How to detect maxlag exception in pywikibot


I am developing a Wikipedia bot to analyze editing contributions. Unfortunately, it takes hours to complete a single run and during that time Wikipedia's database replication delay—at some point during the run—is sure to exceed 5 seconds (the default maxlag value). The recommendation in the API's maxlag parameter is to detect the lag error, pause for X seconds and retry.

But all I am doing is reading contributions with:

usrpg = pywikibot.Page(site, 'User:' + username)
usr = pywikibot.User(usrpg)
for contrib in usr.contributions(total=max_per_user_contribs):
    # (analyzes contrib here)

How to detect the error and resume it? This is the error:

WARNING: API error maxlag: Waiting for 10.64.32.21: 7.1454429626465 seconds lagged
Traceback (most recent call last):
  File ".../bot/core/pwb.py", line 256, in <module>
    if not main():
  File ".../bot/core/pwb.py", line 250, in main
    run_python_file(filename, [filename] + args, argvu, file_package)
  File ".../bot/core/pwb.py", line 121, in run_python_file
    main_mod.__dict__)
  File "analyze_activity.py", line 230, in <module>
    attrs = usr.getprops()
  File ".../bot/core/pywikibot/page.py", line 2913, in getprops
    self._userprops = list(self.site.users([self.username, ]))[0]
  File ".../bot/core/pywikibot/data/api.py", line 2739, in __iter__
    self.data = self.request.submit()
  File ".../bot/core/pywikibot/data/api.py", line 2183, in submit
    raise APIError(**result['error'])
pywikibot.data.api.APIError: maxlag: Waiting for 10.64.32.21:
    7.1454 seconds lagged [help:See https://en.wikipedia.org/w/api.php for API usage]
<class 'pywikibot.data.api.APIError'>
CRITICAL: Closing network session.

It occurs to me to catch the exception thrown in that line of code:

 raise APIError(**result['error'])

But then restarting the contributions for the user seems terribly inefficient. Some users have 400,000 edits, so rerunning that from the beginning is a lot of backsliding.

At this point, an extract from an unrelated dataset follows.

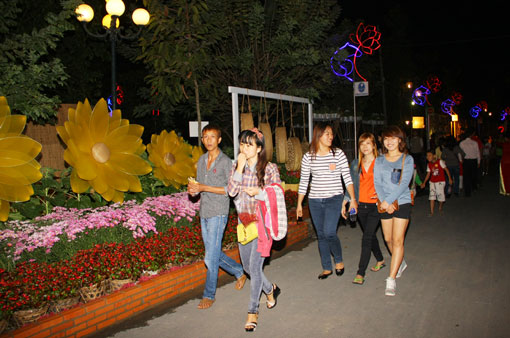  ... và người dân thành phố Biên Hòa vào tham quan đường hoa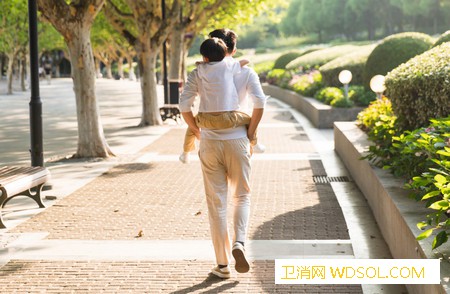 宝宝为什么就爱揪妈妈的头发_头发-陪他-注意力-表达-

I have googled for examples of doing this (detecting the error and retrying) but I found nothing useful.


Solution

  • Converting the previous conversation in comments into an answer.

    One possible method to resolve this is to try/catch the error and redo the piece of code which caused the error.

    But, pywikibot already does this internally for us ! Pywikibot, by default tries to retry every failed API call 2 times if you're using the default user-config.py it generates. I found that increasing the following configs does the trick in my case:

    • maxlag = 20
    • retry_wait = 20
    • max_retries = 8

    The maxlag is the parameter recommended to increase according to the documentation of Maxlag parameter, especially if you're doing a large number of writes in a short span of time. But, the retry_wait and max_retries configs are useful in case someone else is writing a lot (As is my case: My scripts just read from wiki).